A 30-year-old Sunnyvale woman is in isolation at Stanford Hospital with an active case of multi-drug resistant tuberculosis.
She was infectious when she flew into San Francisco International Airport around Dec. 13, returning from her travels abroad and also when she sat in the waiting room of the Emergency Department at Stanford Hospital several days later, Santa Clara County Health Officer Marty Fenstersheib said.
The woman flew from New Delhi to Chicago, and 44 people sitting near her have been contacted by the Centers for Disease Control and Prevention, Fenstersheib said Thursday. The 44 people were found in 16 states and will be followed by local health authorities, he said.
He said he does not know where she acquired tuberculosis (TB), but she had been receiving treatment abroad, Fenstersheib said.
Officials have also contacted the "very small" number of people in the emergency room and they are being offered tests and treatment if necessary, hospital spokeswoman Shelley Hebert said.
But, she emphasized that only a few people were exposed.
"If people were treated at the emergency room recently and have not been contacted, they have not been exposed," Hebert said. "It's important to know that this patient's condition is not dangerous to the public."
Fenstersheib said the woman was not feeling well enough to go anywhere else after she returned home.
TB is a bacterial infection that attacks the respiratory system. Victims cough violently, sometimes coughing up blood, and have chest pain, fever, chills and weight loss. TB is spread through fluid by sneezing, coughing or talking.
According to World Health Organization guidelines, travelers only need to be notified if they are on a flight longer than eight hours with someone who has active TB.
TB is only contagious if the individual has active symptoms. Many people worldwide carry the bacteria in their bodies but are not contagious, a condition known as "latent" TB. Fenstersheib said the disease has a 10-week incubation period, so those infected won't know for sure until February or March if they have the disease.
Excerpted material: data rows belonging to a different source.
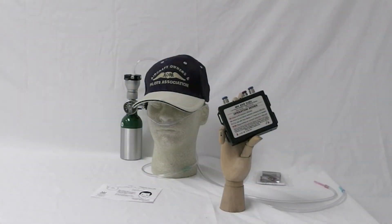Please make sure to read all instructional manuals and paper inserts before using our equipment. On behalf of Mountain High Equipment and Supply Company, thank you and happy flying.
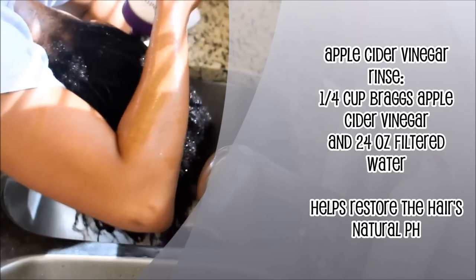After I finish up with my co-wash, I do the apple cider vinegar rinse. Right now I'm showing you how I do it — that water bottle has a quarter cup of apple cider vinegar mixed with cold water that I keep in the refrigerator. I just squirt that in my hair, work it through, let it sit about a minute, and rinse it out.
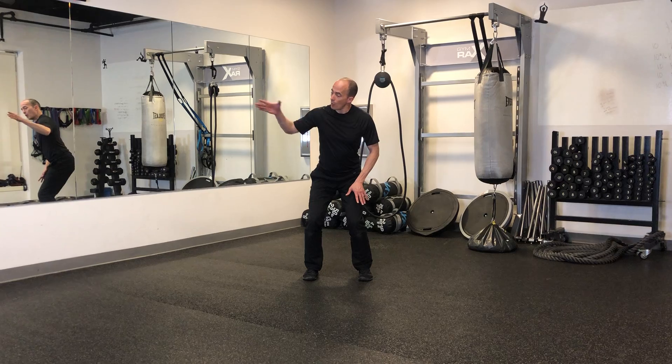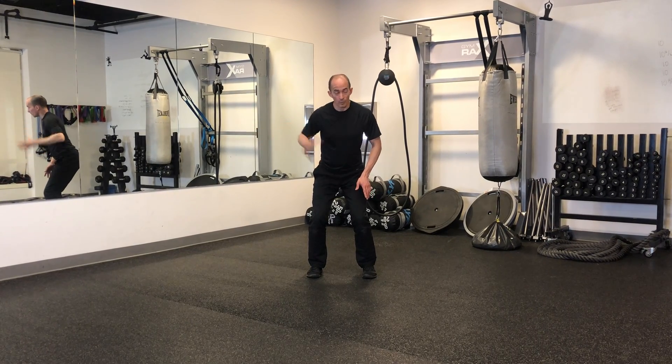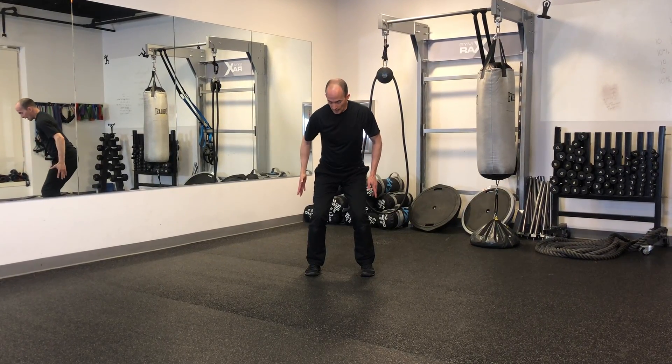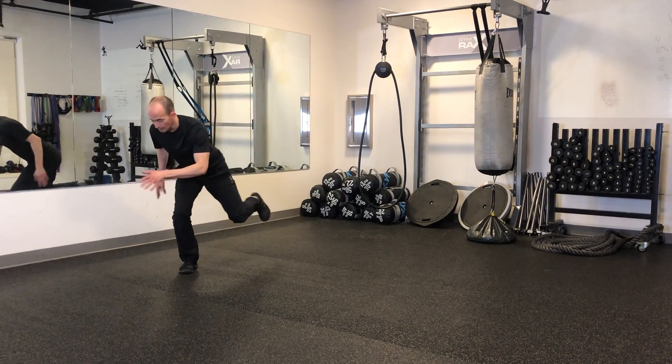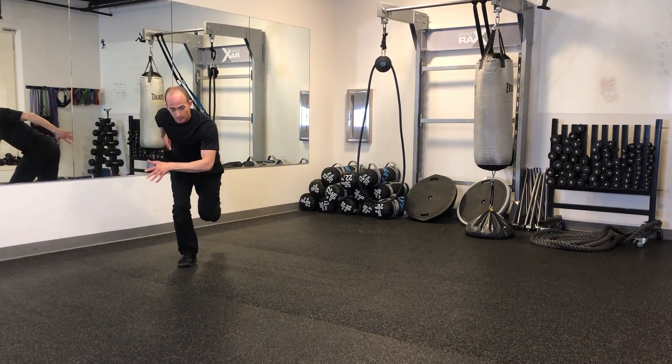The movement is going to be an up and over, jump to the side. Land on the outside leg. Stick the landing, maintain your balance.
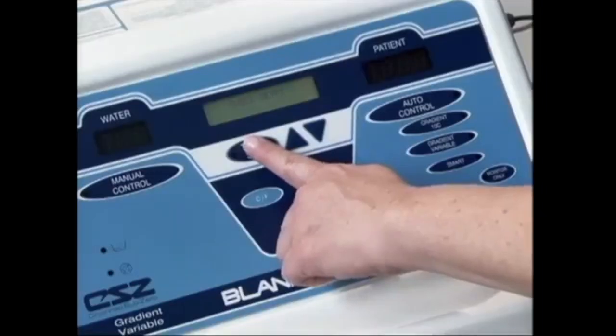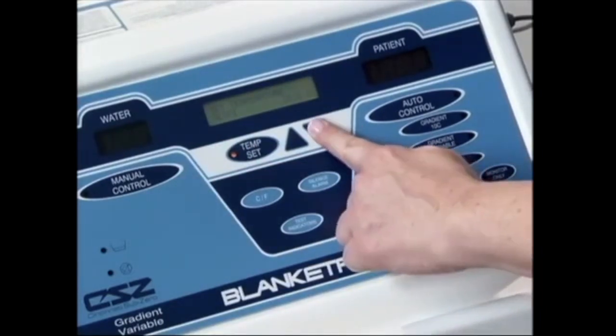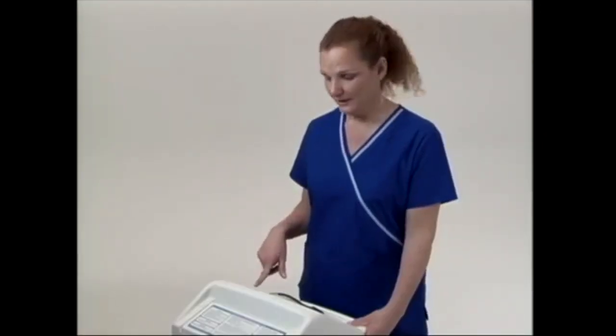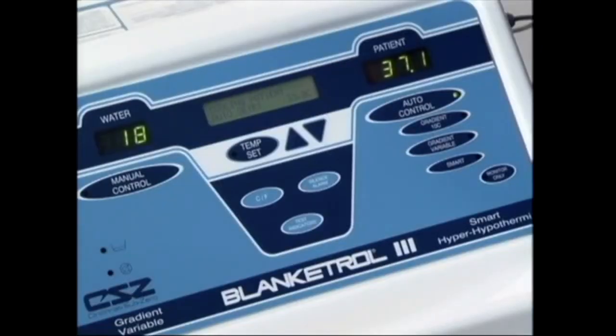To use the Blanketrol 3 in the automatic mode, you must have some sort of temperature sensing device in your patient. Then, all you need to do is hit the temp set button in the center of the console. Using the up and down arrows, set the patient's desired temperature. Then press the automatic control button. This will circulate the water around the patient at a maximum of 42 degrees Celsius and a minimum of 4 degrees Celsius.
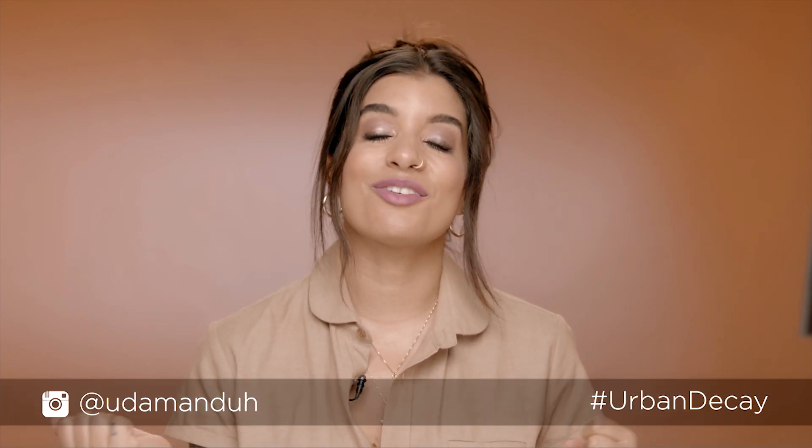All right, crew, this is the finished nighttime look using the Naked 3 palette. I love this palette because you have those really traditional feminine pinks and golds and shimmery shades, and you really can dive deep into something that's a little bit more smoky and appropriate for some low light. Make sure that you hashtag Urban Decay so we can check out what you're doing. I hope that you love this look, and I will see you guys next time.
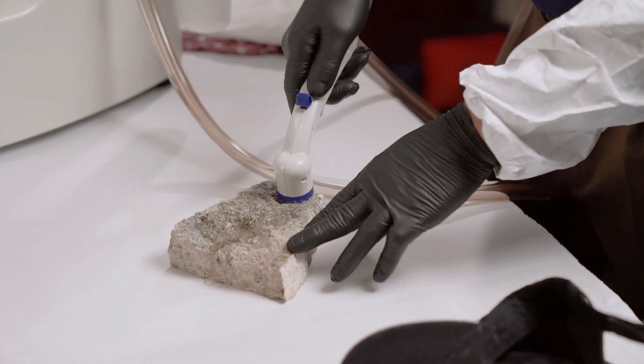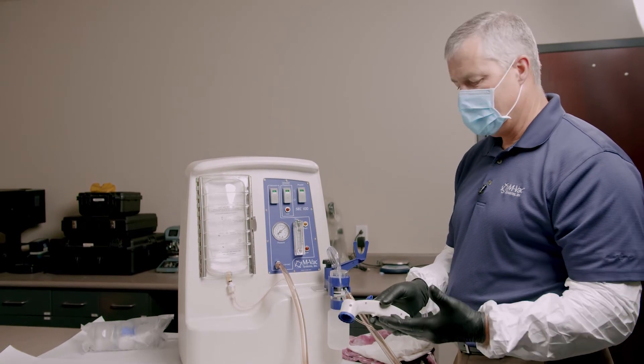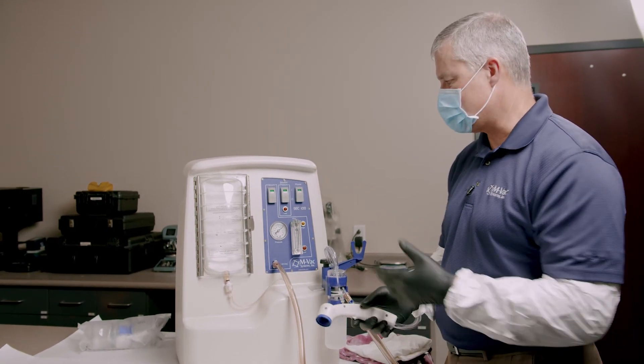It seems simple, but the training gives you lots of hands-on experience. By the end of that training you'd be able to take this system basically anywhere you needed to and take a good sample.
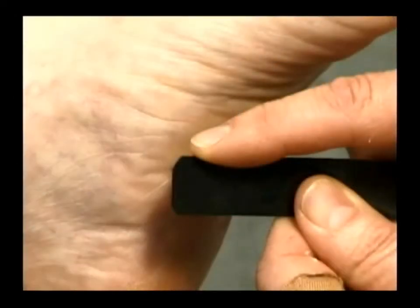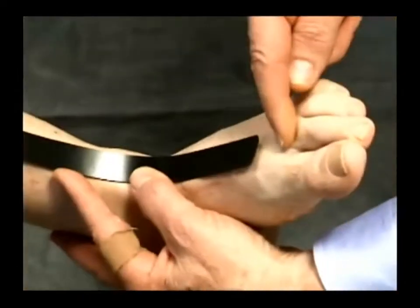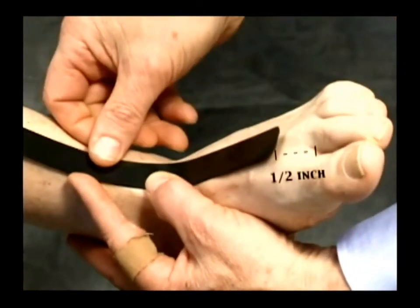Each cutting strip has one end with rounded corners. This end should be placed near the toes. It is important to position this rounded end of the strip exactly one half inch behind the space between the big toe and the second toe. The remainder of the strip is placed over the top of the foot, centered over the ankle joint, and directly over the shin bone or tibial crest.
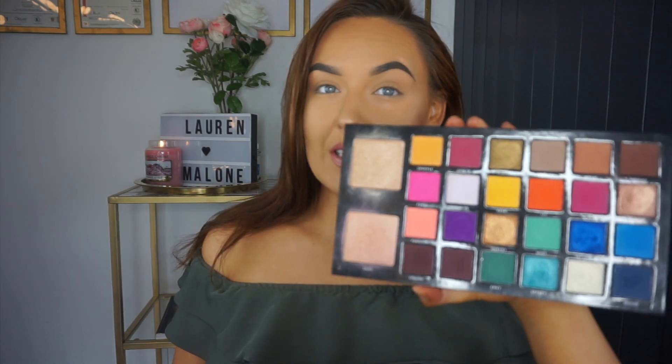Hey guys, welcome back to my channel. In today's video I'm going to be showing you how to achieve this gold and purple spotlight eye using the Be Perfect Cosmetics palette. The first shade that I'm going to dip into is this peachy shade called Foolish.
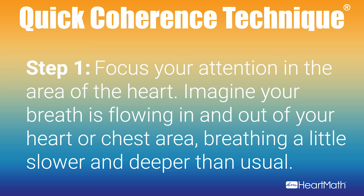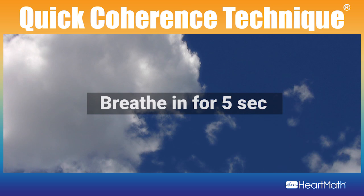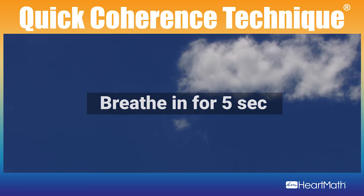First step is to focus your attention on the area of your heart. Just shift your focus to the area of your chest or heart and pretend like your breath is flowing in through the area of the heart or chest and out through the area of the heart. Breathe a little more slowly, a little more deeply than you normally do, maybe to a count of five in and five out.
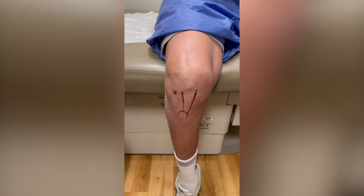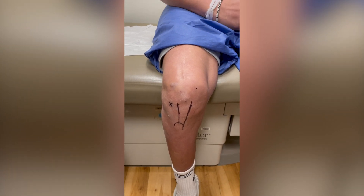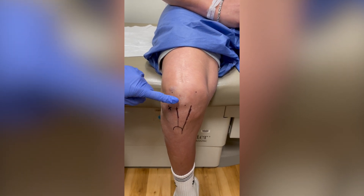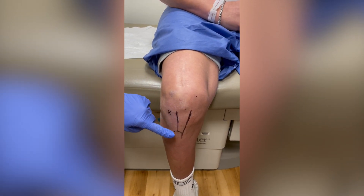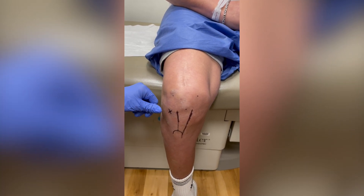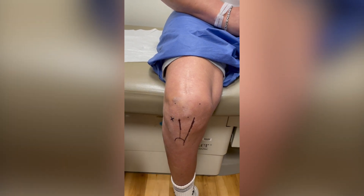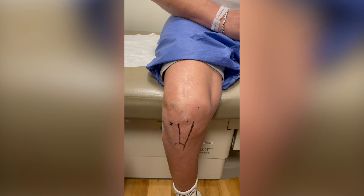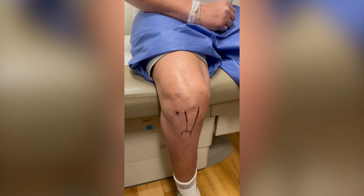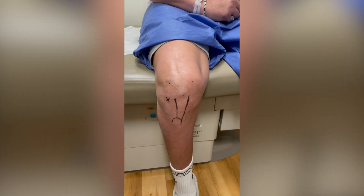Here we have a video demonstrating the standard anterolateral knee injection. First, mark out your landmarks as shown: the inferior border of the patella, patellar tendon, and tibial tubercle. Just lateral to the patellar tendon, you can feel the anterolateral soft spot at the joint line. Below that, you can feel the lateral tibial plateau, and above you can feel the lateral femoral condyle. Positioning for the injection should be at 90 degrees of flexion, with the foot hanging off the ground to allow gravity distraction of the joint space.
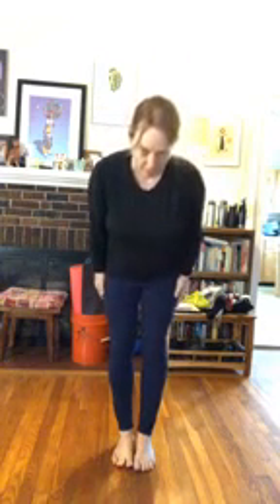Ohayou gozaimasu. Good morning. Welcome to morning stretch Aikido stretch. Hopefully you'll get a chance to look at this either now or later in the day — just a few minutes of some basic breathing and warm-ups. So let's bow in. Onegaishimasu.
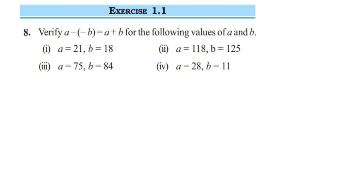Hello everyone, here I am doing Exercise 1.18. The chapter is Integers of Class 7. The question is: verify that a minus minus b is equal to a plus b for the following values of a and b. We have four questions to solve. In the first one, a is equal to 21 and b is equal to 18.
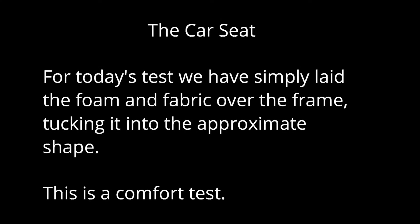For today's test, we have simply laid the foam and fabric over the frame, tucking it into the approximate shape. This is a comfort test.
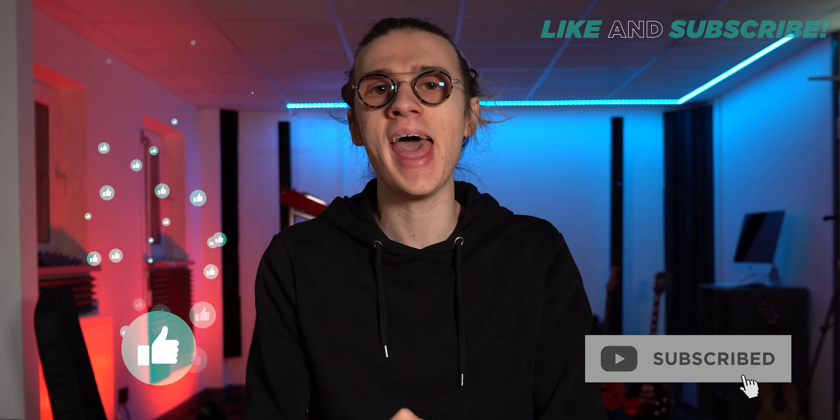If you want to see more product reviews like this one, be sure to like and subscribe to the channel and turn on the notification bell so you don't miss future videos. As always, I've been Ben Rolens — thank you so much for watching and I'll see you in the next one.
Multidrug-resistant TB is a form of the bacteria that is no longer incapacitated by some antibiotics.
It can still be treated, however, Fenstersheib said.
"Treatment may take a lot longer, and the drugs may have some additional side effects," he said.
Someone who is otherwise healthy is likely to survive, he said.
The woman is being kept in a single-bed room and all health care workers are using protective equipment, county Public Health Department spokeswoman Joy Alexiou said. She cannot have any visitors.
Hebert said she is receiving treatment and will be kept in the hospital until it is safe to release her, which could take until mid-January.
Santa Clara County had two cases of multidrug-resistant TB within the last year, although neither person traveled abroad, Fenstersheib said.
If necessary, CDC spokeswoman Shelly Biaz said officials can place an infected person on a "do not-fly" list to prevent them from leaving the country.
She said cases of multidrug-resistant TB rates are holding steady at 1 percent of the approximately 14,000 annual cases in the U.S.
An even deadlier form the disease, extremely drug resistant TB, has emerged also, she said.
The woman had been diagnosed with the disease before returning to the United States and was taking drugs for it, Fenstersheib has said.
If someone develops active TB abroad, they should seek local medical attention, although no laws prevent them from flying home, he said.
"We really don't want people traveling with infectious TB," Fenstersheib said.